═════ Exercise data ═════

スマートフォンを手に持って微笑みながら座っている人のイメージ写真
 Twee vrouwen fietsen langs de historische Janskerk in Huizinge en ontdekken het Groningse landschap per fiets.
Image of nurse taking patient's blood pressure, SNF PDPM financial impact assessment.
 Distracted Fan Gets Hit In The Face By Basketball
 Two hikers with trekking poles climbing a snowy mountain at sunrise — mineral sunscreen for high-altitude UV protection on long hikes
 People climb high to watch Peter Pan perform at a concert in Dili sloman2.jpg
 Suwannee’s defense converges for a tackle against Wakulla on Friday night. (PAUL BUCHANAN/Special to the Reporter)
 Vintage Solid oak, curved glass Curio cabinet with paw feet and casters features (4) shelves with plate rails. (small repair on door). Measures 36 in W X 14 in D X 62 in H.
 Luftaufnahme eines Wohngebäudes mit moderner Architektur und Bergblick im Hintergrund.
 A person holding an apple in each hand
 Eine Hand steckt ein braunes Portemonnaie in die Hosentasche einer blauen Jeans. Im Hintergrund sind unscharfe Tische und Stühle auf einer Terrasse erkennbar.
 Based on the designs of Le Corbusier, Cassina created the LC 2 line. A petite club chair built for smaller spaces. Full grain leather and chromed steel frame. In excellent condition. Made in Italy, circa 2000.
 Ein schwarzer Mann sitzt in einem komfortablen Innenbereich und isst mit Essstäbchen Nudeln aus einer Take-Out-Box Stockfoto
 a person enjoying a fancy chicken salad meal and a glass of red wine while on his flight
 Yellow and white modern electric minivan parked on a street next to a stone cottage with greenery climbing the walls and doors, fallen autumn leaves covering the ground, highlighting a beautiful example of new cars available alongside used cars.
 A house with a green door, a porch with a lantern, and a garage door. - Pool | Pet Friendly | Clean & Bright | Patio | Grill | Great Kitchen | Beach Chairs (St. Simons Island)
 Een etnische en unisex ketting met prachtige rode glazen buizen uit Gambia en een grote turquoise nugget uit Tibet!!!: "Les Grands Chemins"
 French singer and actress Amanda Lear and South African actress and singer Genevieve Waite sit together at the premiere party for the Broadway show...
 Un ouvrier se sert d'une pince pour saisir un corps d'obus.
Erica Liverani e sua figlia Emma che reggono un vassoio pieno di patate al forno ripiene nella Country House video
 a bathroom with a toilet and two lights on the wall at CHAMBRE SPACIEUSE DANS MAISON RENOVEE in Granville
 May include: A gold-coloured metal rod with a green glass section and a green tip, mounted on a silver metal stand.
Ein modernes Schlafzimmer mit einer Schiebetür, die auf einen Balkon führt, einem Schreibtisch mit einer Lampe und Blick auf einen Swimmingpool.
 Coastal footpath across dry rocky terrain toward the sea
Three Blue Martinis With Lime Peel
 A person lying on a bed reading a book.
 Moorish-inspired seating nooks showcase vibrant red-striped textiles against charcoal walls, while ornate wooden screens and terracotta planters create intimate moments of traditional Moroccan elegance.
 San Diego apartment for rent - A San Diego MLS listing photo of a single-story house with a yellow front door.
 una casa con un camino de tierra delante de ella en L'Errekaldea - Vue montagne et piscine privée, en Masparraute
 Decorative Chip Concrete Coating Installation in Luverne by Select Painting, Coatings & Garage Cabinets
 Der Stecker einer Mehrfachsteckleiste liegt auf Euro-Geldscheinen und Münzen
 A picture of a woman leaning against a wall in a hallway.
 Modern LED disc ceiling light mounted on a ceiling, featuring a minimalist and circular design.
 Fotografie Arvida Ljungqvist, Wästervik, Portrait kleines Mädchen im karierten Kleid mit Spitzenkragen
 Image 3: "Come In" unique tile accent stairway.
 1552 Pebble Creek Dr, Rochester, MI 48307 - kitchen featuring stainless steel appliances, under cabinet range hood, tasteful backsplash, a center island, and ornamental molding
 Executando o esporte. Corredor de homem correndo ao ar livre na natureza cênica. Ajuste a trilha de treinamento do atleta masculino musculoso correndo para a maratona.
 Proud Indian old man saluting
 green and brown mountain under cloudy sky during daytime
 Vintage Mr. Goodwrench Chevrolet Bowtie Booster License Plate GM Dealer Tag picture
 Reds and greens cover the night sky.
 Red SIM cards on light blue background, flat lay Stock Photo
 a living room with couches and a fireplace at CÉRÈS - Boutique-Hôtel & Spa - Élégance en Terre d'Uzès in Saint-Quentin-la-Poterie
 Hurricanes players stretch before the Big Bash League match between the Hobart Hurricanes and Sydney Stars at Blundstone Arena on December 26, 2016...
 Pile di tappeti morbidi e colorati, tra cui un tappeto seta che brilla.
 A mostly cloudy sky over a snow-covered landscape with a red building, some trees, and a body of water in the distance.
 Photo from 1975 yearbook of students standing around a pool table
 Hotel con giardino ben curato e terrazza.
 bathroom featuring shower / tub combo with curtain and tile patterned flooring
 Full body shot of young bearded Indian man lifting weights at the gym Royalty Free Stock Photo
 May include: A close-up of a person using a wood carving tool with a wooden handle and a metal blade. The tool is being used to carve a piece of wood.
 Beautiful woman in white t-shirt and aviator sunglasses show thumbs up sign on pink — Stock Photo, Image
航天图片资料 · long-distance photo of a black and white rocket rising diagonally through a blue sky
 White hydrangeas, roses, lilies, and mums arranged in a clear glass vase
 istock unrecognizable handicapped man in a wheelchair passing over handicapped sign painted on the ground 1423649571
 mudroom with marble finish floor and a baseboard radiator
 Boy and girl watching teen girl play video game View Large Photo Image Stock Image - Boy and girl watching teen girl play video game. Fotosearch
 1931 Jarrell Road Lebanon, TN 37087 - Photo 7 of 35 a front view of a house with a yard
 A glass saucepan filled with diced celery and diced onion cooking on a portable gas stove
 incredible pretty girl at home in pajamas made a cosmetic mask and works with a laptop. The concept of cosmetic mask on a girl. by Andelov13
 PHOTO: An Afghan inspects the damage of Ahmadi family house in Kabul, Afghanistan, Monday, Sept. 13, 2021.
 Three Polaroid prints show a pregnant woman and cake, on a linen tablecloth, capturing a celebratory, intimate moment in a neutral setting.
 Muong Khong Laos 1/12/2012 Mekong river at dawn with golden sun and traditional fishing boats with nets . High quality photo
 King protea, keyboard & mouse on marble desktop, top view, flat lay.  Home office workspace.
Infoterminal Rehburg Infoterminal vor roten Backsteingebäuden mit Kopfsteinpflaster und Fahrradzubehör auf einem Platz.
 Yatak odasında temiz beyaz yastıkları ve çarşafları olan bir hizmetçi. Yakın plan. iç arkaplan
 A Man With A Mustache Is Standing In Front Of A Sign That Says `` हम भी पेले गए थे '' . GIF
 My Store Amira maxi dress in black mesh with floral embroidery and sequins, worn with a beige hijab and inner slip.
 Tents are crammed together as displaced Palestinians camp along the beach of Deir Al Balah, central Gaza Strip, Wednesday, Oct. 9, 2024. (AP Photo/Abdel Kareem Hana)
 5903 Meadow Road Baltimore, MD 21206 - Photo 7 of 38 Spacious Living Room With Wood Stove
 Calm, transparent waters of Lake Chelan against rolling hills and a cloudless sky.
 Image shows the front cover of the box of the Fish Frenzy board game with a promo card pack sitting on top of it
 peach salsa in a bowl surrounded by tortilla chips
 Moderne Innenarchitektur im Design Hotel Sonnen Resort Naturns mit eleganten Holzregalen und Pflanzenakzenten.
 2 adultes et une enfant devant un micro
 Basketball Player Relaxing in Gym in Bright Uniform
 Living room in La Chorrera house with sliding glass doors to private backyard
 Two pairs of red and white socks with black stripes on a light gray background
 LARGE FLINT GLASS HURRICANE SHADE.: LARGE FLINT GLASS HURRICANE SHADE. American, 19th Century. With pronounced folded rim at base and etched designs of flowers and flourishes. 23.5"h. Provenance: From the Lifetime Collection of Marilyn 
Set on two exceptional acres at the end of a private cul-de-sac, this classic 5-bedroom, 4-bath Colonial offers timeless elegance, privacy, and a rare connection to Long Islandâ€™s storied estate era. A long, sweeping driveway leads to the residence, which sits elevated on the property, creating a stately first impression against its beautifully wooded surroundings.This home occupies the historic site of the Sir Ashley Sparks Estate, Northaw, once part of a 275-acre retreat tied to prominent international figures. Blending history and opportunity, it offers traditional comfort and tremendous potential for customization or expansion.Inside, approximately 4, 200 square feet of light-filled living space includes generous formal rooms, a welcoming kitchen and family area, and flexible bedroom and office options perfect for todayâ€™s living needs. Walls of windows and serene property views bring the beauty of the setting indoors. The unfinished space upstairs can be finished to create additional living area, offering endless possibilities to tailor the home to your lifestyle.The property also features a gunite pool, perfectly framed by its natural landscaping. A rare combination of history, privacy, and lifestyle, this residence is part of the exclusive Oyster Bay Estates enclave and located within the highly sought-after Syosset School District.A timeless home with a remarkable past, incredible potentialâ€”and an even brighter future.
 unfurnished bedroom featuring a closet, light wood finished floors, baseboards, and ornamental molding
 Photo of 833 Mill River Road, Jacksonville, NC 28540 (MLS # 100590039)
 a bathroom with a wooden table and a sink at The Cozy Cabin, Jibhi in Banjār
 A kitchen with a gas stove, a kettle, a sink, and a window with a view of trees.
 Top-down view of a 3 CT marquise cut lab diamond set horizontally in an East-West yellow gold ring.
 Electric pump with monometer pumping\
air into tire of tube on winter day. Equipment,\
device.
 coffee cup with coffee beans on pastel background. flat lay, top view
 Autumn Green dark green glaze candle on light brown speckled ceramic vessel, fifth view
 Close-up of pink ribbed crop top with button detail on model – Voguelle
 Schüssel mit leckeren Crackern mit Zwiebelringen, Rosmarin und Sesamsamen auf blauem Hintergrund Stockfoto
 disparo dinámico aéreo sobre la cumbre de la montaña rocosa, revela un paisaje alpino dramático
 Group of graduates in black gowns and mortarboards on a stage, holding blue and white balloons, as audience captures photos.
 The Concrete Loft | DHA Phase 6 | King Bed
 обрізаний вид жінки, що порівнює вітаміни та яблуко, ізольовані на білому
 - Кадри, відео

═════

## What to do:
Pick out every line of the listing containing the word "intimate", and show those lines.

## Response below:
 Moorish-inspired seating nooks showcase vibrant red-striped textiles against charcoal walls, while ornate wooden screens and terracotta planters create intimate moments of traditional Moroccan elegance.
 Three Polaroid prints show a pregnant woman and cake, on a linen tablecloth, capturing a celebratory, intimate moment in a neutral setting.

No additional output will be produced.